That was my honest reaction to my first conflict between motherhood and my career.

Should I leave early and go home to my son? Do I work from home for a few days so I can nurse him in real time? I just got back from maternity leave. What about my team? My work? My husband and I are “progressive”; he is a “stay-at-home-dad” and I’m a “working mom.” So shouldn’t I let him handle it? If he was a woman and I was a man, I probably wouldn’t be rushing home and I certainly wouldn’t be rushing home to breastfeed.

I got that phone call as I was walking into a meeting with a management coach we use at HubSpot. Let’s call her Andrea. I walked into that meeting with Andrea where I should have been focused on my professional development, and all I could think about was this looming decision.

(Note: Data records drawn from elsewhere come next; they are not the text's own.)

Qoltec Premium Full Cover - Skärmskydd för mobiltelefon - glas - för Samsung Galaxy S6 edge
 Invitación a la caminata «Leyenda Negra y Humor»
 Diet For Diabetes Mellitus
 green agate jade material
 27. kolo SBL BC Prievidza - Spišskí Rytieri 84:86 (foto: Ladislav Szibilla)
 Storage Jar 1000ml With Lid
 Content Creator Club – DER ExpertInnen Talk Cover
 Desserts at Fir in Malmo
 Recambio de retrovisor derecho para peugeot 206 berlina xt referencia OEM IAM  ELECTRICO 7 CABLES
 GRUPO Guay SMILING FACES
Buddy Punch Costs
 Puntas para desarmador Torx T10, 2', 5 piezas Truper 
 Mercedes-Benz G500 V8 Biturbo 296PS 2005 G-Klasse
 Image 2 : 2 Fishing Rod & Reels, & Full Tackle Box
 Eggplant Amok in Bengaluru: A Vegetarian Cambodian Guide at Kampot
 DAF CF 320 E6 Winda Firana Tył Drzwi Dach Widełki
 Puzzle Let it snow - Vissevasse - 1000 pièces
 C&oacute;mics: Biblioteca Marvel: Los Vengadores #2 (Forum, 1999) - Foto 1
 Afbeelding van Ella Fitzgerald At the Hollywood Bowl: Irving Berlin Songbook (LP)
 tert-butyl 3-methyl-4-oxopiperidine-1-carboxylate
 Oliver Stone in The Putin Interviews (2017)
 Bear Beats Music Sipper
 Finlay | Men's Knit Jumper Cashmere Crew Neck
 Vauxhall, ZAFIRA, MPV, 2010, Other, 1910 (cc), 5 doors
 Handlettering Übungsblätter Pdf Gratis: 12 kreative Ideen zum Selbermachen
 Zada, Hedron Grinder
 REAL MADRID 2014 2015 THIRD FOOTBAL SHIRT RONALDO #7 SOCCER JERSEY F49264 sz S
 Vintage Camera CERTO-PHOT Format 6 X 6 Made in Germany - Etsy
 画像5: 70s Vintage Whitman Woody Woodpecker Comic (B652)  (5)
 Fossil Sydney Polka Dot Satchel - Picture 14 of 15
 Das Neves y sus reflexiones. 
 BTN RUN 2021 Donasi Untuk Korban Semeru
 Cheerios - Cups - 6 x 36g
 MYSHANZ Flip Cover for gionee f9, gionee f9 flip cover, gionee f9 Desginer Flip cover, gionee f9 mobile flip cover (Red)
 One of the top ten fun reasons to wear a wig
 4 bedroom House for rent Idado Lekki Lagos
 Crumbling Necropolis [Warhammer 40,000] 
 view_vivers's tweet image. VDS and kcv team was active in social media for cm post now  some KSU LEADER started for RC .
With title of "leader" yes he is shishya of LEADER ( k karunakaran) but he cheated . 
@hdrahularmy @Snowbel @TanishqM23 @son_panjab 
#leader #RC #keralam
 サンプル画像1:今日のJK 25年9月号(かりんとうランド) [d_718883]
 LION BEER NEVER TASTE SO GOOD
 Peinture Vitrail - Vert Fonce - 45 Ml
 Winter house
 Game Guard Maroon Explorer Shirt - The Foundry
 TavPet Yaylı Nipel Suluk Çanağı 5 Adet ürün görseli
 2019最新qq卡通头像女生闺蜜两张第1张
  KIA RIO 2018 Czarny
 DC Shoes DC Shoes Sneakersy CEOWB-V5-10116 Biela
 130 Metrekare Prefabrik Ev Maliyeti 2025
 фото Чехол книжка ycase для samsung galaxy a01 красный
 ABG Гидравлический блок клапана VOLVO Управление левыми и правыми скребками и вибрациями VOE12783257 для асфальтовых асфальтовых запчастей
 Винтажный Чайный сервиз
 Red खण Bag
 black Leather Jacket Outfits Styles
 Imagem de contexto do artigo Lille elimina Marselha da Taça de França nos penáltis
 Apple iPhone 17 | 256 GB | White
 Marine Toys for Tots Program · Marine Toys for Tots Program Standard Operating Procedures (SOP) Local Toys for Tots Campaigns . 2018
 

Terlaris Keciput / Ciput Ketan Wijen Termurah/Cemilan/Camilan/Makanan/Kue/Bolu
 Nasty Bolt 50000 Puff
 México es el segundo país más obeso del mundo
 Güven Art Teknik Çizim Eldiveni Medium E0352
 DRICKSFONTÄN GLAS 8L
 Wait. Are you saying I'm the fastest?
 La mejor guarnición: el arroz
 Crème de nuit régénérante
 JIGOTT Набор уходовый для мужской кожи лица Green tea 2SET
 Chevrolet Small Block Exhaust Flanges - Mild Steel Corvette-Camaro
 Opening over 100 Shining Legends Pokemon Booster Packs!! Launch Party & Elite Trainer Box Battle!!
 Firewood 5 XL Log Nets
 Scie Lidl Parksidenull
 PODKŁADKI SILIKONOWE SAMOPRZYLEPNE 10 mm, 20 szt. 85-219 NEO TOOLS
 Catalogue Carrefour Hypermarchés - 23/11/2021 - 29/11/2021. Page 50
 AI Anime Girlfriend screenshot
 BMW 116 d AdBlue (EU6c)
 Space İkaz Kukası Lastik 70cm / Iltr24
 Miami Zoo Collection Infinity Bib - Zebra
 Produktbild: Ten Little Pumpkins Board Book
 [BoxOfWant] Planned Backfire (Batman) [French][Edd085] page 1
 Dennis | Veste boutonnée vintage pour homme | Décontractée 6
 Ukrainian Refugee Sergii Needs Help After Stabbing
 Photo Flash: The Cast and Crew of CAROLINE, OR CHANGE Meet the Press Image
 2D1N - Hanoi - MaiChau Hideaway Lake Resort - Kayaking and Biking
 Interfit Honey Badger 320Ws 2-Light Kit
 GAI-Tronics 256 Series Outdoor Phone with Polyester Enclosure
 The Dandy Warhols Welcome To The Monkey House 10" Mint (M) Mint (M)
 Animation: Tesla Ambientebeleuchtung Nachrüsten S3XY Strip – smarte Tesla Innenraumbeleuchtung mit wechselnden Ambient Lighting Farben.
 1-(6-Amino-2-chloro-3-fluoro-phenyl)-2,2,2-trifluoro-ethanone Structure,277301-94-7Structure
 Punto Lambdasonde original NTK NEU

I work for an amazing company with flexible schedules, an unlimited vacation policy, a culture that supports remote work, and great spaces for pumping mamas. And yet, I was still racked with guilt and indecision. Guilt that if I went home, I wasn’t doing the right thing for my company. Guilt that if I didn’t, I wasn’t doing the right thing for my son.

Why?

Because of the centuries-old, pervasive subtext in our culture that makes us label all things that involve female parents as “mommy” this and mommy that, causes the gap in wages between women with children and those without, assumes that women with take on the majority of household chores even when both parents work full-time, or leads to articles like how it helps your career to have kids if you're a man and hurts it if you're a woman.

I sat down in that meeting and Andrea could tell right away that I wasn’t focused. As I ran through my list of concerns and objections to my dilemma, Andrea made a seemingly simple statement that has stuck with me ever since: “It’s up to you —working moms right now — to create the picture of what it means to have a family and a career. It’s your story to write.”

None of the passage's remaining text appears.